Сержант звучно ударил прикладом о землю и сердито прокричал:
– Ну и гадина эта война, прах ее возьми!
Женщина продолжала:
– Прошлую ночь мы в дуплине спали.
– Все четверо?
– Все четверо.
– Спали?
– Спали.
– Спали, – повторил сержант, – стоя спали. – И он повернулся к солдатам: – Ребята, здешние дикари называют дуплиной большое такое дуплистое дерево, куда человек может втиснуться, словно в ножны. Да с них какой спрос. Ведь не парижане.
– Спать в дупле, – повторила маркитантка, – и еще с тремя ребятишками!
– А когда малыши рев поднимали, – промолвил сержант, – вот прохожие, должно быть, дивились, никого вроде не видно, – стоит дерево и кричит: «Папа, мама».
– Слава богу, сейчас хоть лето, – вздохнула женщина.
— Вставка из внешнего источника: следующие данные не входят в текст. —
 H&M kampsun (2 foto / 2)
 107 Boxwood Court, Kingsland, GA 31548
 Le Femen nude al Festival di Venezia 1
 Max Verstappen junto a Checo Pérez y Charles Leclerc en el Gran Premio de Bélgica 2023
Она опустила долу покорный взгляд, и в глазах ее отразилось бесконечное удивление перед непостижимым бременем катастроф.
Солдаты молча стояли вокруг, ошеломленные зрелищем беды.
Вдова, трое маленьких сироток, бегство, растерянность, одиночество; война, с грозным рыком обложившая весь горизонт; голод, жажда, единственная пища – трава, единственный кров – небо!
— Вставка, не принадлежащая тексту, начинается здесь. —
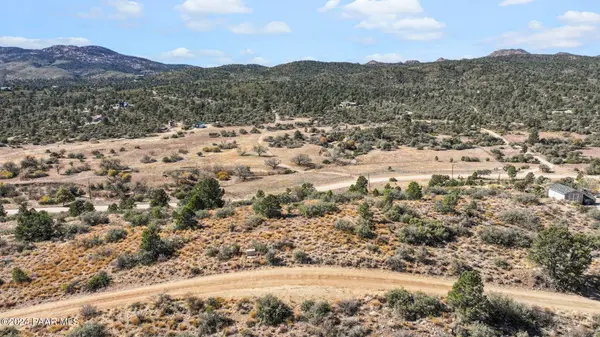 17581 S Pinon LN, Kirkland, AZ 86332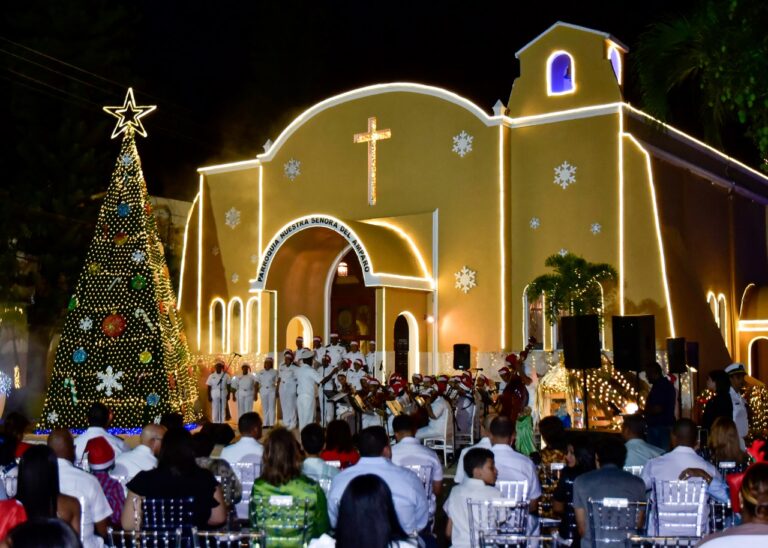 Armada Dominicana ilumina la esperanza y unión con el tradicional encendido del árbol de Navidad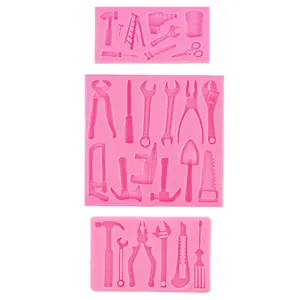 Vista dettagliata stampi in silicone rosa con forme di attrezzi ferramenta per fondant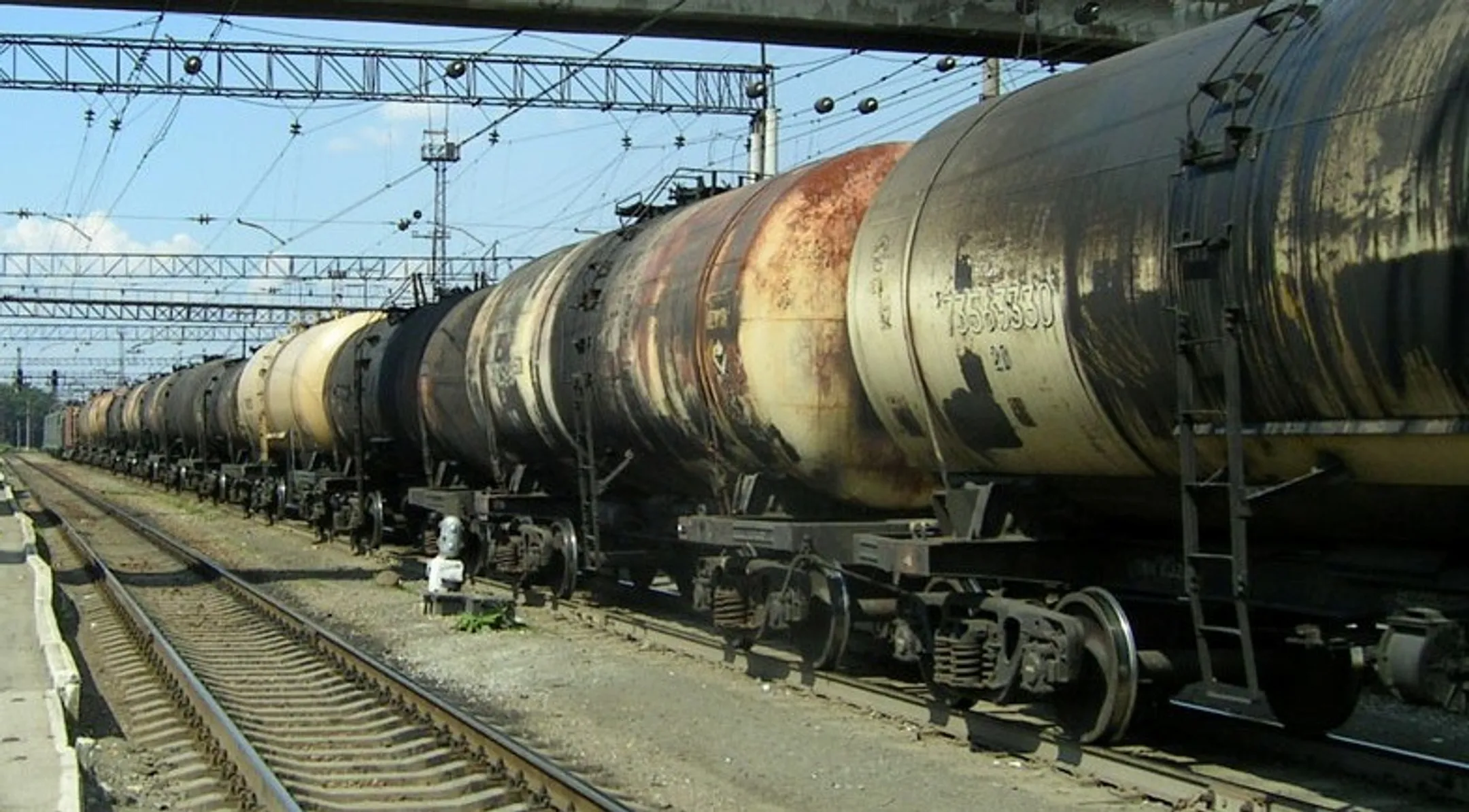 Таможенник помогал нелегально вывозить нефть - Image Kapital.kz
Сержант подошел поближе к женщине и поглядел на девочку, прижавшуюся к материнской груди. Малютка выпустила изо рта сосок, повернула головку, уставилась красивыми синими глазками на страшную, мохнатую физиономию, склонившуюся над ней, и вдруг улыбнулась.
Сержант быстро выпрямился, крупная слеза проползла по его щеке и, словно жемчужина, повисла на кончике уса.
– Товарищи, – громко произнес он, – из всего вышесказанного выходит, что батальону не миновать стать отцом. Как же мы поступим? Возьмем да и усыновим трех малышей.
– Да здравствует Республика! – прокричали гренадеры.
– Решено, – заключил сержант.
И он простер руки над матерью и детьми.
– Значит, – сказал он, – отныне это дети батальона Красный Колпак.
Маркитантка даже подпрыгнула от радости и воскликнула:
– Под одним колпаком три головки!
Потом вдруг зарыдала в голос, горячо поцеловала бедняжку вдову и проговорила:
– А маленькая-то уже и сейчас, видать, шалунья!
– Да здравствует Республика! – снова крикнули гренадеры.
Сержант повернулся к матери:
– Пойдемте, гражданка.
Книга вторая. Корвет «Клеймор»
I. Англия и Франция в смешении
Весной 1793 года, в те дни, когда враги яростно рвались к границам Франции, а сама Франция находила трагическую усладу в падении жирондистов, вот что происходило в Ла-Маншском архипелаге.
Первого июня, приблизительно за час до захода солнца, на острове Джерсей, в маленькой пустынной бухточке Боннюи, готовился к отплытию корвет под прикрытием тумана, верного покровителя беглецов, коль скоро он опасный враг мирных мореплавателей. Судно это, обслуживаемое французским экипажем, числилось в составе английской флотилии, которая несла службу охраны у восточной оконечности острова. Английской флотилией командовал принц Латур Овернский, из рода герцогов Бульонских, и именно по его приказу корвет был отряжен для выполнения важного и спешного поручения.